Waste Disposal: Closed (Incineration) and Open-Air Burning and Landfills
Solid wastes are the discarded leftovers of our advanced consumer society. This growing mountain of garbage and trash represents not only an attitude of indifference toward valuable natural resources, but also a serious economic and public health problem. – Jimmy Carter
Incineration is a disposal method in which solid organic wastes are subjected to combustion so as to convert them into residue and gaseous products. This method can be used both for solid waste management and solid residue from waste water management. The process reduces the volume of solid waste to 20 to 30 percent of its original volume. Incineration and other high temperature waste treatment systems are sometimes described as thermal treatment. Incinerators convert waste materials into heat, gas, steam, and ash (Conserve Energy Future, 2017).

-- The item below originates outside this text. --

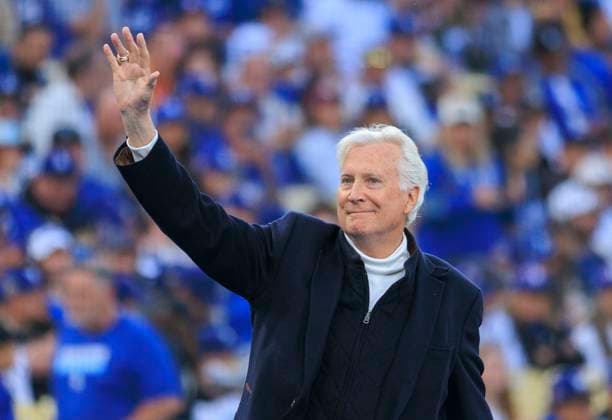March 28, 2025, Los Angeles, California, USA: Los Angeles Dodgers owner, Mark Walter is introduced during the World Series Ring presentation prior to the MLB, Baseball Herren, USA regular season game against the Detroit Tigers on Friday March 28, 2025 at Dodger Stadium in Los Angeles, California. Dodgers defeat Tigers, 8-5. JAVIER ROJAS PI Los Angeles USA - ZUMAp124 20250328_zaa_p124_003 Copyright: xJavierxRojasx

Incineration is typically carried out on a large scale by industry. It is used to dispose of solid, liquid and gaseous waste, and it is recognized as a practical method of disposing of certain hazardous waste materials (such as biological medical waste). Incineration is a controversial method of waste disposal, due to issues such as emission of gaseous pollutants. It is especially common in countries such as Japan where land is more scarce, as incineration facilities generally do not require as much area as landfills (Conserve Energy Future, 2017).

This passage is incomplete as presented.